O outro patrimônio são as mulheres de Arequipa –especialmente as que comandam, até por gerações, as picanterias, restaurantes típicos locais.

Na origem eles eram bares para tomar a chicha, um fermentado leve de milho negro germinado, feito (desde antes dos incas) e servido por mulheres. Quem ia às chicherias para beber ganhava alguns petiscos ("picantes") para acompanhar. Hoje é o inverso: as pessoas vão às picanterias para comer os vigorosos pratos locais e a chicha é oferecida de graça.

O que não mudou é que as mulheres ainda dominam o ambiente. De geração em geração elas comandam as salas e as cozinhas. Mesmo um trabalho repetitivo e extenuante –usar uma pesada pedra (o batán) para moer os ingredientes dos molhos– também é manejado principalmente por mulheres, algumas com décadas de ofício, e sempre com um chapelão na cabeça.

Moídos num processador, os molhos perecem em horas. Pacientemente esmagados com o batán, eles podem durar quatro dias, e com uma consistência inigualável. A verdadeira picanteria usa o batán; além disso, a comida deve ser feita na lenha, e as ânforas de chicha devem estar sempre fermentando a bebida.

Segunda maior cidade do país (com mais de 800 mil habitantes), Arequipa tem um temperamento forte, dizem os locais, afirmando que todos os movimentos libertários do Peru começaram ali. E na altiva cidade peruana, fortes mesmo são as mulheres, completam elas, sem que ninguém proteste.

Pelo menos foi o que ouvi das orgulhosas e eloquentes proprietárias de maravilhosas picanterias. Como a deliciosa La Nueva Palomino (facebook.com/LaNuevaPalomino ), com mesas dentro e fora, fogões a lenha fumegando e a espaçosa presença da herdeira Mónica Huerta (o documento mais antigo comprovando a existência da casa é de 1895).

Tranquila, cheia de sabedoria, Benita Quicaño Guillén toca a La Benita (labenita.com ) numa tradição de sete gerações, num espaço generoso que expõe de forma didática todo seu processo de produção (seu filho, Roger, abriu agora uma filial no centro histórico da cidade).

Mais eloquente é a festiva Saida Villanueva Salas ("em Arequipa quem manda são as mulheres"), dona da picanteria La Cau Cau, também com cara de casa e quintal familiares. Instituição histórica é La Lucila (picanterialalucila.com ), onde, embora a matriarca já não esteja viva, segue intacta a velha cozinha de lenha de mais de cem anos.

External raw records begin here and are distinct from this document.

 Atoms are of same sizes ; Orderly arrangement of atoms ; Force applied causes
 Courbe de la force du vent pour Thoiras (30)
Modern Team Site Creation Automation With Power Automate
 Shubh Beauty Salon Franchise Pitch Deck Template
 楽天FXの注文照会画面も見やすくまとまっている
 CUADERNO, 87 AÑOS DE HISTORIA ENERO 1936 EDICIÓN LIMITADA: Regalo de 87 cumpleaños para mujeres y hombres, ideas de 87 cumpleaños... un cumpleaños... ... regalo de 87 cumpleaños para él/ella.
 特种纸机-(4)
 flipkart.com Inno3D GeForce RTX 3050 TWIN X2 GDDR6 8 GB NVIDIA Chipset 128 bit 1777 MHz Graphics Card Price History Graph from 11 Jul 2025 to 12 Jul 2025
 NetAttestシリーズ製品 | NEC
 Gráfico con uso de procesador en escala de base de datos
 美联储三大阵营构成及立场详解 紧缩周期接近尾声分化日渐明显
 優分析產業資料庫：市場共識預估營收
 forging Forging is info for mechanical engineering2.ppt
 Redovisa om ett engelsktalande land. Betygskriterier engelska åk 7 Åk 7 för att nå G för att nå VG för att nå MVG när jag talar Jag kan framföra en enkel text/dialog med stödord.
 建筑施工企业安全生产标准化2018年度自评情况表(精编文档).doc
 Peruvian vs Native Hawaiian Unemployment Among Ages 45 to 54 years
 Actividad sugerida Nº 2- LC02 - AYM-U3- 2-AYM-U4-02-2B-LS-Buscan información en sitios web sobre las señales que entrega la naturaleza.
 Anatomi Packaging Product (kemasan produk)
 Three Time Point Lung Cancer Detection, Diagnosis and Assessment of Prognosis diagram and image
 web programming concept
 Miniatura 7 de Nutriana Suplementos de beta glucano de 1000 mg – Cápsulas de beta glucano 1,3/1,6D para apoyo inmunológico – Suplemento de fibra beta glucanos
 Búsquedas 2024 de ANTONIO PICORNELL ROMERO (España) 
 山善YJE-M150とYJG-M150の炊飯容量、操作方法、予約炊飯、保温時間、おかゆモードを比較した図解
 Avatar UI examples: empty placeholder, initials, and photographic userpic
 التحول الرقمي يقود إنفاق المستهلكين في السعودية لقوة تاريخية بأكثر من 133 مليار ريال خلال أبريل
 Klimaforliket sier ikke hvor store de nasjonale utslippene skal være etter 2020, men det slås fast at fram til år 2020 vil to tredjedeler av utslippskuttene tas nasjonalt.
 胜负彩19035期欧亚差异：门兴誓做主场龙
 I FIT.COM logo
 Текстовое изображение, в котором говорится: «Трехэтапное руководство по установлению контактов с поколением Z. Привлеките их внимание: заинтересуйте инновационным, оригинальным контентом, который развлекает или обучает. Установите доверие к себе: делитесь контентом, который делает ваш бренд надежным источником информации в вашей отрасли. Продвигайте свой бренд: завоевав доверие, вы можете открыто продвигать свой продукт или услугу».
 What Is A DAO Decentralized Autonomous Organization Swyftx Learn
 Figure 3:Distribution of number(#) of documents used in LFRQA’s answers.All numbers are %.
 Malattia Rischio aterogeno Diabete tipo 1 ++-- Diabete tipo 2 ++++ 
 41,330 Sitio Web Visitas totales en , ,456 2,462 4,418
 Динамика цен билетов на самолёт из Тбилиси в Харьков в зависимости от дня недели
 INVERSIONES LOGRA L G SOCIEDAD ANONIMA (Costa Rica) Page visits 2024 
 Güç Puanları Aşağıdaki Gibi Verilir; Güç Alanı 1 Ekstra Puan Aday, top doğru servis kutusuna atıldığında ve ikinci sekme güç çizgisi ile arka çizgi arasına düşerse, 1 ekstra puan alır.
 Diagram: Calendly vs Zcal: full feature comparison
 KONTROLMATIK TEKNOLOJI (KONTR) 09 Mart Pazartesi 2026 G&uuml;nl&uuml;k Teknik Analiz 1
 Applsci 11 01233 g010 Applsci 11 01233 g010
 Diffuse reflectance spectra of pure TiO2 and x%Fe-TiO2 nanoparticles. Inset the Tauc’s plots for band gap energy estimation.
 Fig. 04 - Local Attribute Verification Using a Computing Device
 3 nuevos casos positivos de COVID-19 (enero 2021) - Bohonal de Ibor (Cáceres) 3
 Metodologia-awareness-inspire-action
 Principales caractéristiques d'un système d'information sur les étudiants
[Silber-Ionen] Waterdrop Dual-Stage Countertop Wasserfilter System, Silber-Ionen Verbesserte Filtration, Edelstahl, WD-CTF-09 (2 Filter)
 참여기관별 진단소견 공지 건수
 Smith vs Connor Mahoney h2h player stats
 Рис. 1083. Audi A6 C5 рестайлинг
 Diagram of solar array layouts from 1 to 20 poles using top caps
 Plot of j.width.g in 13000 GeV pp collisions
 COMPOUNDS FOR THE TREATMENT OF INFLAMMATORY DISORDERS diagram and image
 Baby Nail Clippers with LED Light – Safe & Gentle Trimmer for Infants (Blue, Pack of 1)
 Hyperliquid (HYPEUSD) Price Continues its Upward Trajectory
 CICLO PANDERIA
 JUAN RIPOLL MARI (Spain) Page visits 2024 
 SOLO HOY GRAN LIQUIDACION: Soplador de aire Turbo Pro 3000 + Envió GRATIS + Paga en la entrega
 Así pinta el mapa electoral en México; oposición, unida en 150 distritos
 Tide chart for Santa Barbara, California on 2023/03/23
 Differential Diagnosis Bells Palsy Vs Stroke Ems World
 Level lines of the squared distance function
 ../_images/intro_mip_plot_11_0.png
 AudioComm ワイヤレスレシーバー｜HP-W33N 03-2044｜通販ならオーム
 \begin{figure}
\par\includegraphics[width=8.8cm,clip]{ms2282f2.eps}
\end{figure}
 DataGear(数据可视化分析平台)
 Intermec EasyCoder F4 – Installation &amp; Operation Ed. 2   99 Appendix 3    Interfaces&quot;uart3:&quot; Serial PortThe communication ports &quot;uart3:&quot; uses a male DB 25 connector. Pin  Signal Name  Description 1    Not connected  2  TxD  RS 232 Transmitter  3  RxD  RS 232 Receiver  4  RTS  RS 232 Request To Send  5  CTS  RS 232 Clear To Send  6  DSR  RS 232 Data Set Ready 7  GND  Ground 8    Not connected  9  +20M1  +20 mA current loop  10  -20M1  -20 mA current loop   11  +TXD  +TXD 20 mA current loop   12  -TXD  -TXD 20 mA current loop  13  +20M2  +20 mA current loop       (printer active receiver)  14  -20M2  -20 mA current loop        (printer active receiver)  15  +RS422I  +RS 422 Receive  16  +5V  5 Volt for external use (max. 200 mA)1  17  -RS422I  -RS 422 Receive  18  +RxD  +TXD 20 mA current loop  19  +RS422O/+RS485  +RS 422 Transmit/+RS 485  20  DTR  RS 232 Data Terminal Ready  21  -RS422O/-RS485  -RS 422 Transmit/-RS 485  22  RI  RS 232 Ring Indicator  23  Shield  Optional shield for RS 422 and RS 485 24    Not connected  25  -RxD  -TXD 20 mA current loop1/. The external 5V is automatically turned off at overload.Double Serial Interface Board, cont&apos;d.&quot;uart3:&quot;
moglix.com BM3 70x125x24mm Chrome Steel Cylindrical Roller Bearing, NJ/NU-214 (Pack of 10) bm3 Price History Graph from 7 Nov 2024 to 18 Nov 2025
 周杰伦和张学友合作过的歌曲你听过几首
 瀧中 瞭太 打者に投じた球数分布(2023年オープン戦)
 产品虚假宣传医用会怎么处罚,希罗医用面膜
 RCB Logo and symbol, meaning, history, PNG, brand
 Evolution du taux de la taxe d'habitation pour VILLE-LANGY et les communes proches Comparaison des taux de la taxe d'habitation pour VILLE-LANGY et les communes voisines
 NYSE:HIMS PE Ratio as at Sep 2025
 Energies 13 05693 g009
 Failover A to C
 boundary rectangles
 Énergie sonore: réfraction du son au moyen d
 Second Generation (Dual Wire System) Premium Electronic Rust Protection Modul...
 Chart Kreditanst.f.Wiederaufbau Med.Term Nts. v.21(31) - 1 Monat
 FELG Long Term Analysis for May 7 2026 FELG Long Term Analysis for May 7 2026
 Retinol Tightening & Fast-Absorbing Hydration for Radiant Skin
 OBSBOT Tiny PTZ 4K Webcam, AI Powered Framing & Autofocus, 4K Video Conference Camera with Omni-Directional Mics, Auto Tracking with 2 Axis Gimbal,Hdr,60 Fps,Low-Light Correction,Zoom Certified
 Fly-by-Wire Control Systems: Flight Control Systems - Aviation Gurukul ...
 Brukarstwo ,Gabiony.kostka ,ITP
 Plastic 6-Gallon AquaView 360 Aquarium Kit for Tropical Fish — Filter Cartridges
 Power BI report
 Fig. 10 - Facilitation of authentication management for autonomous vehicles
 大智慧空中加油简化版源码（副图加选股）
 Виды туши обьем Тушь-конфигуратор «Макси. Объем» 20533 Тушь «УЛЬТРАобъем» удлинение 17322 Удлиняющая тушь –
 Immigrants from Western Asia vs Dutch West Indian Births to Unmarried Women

Para comer, há 700 receitas listadas na cozinha arequipenha –nenhuma de ceviche: trata-se de uma cozinha mais camponesa, de cozidos opulentos e frituras crocantes, alguns assados, muitos legumes e tubérculos locais, ajíes (pimentas) e laticínios.

São pratos como rocoto (pimentão picante) recheado com carne e queijo, chupe (sopa) de camarões, chaque (guisado) de carnes, pebre (sopa de galinha ou cordeiro), almendrado de pato (ave com amendoim), cuy chactado (porquinho-da-índia frito sob uma pedra), queso helado (sorbet de leite). Estes e mais centenas. Que nos alimentem as imperiosas mulheres de Arequipa.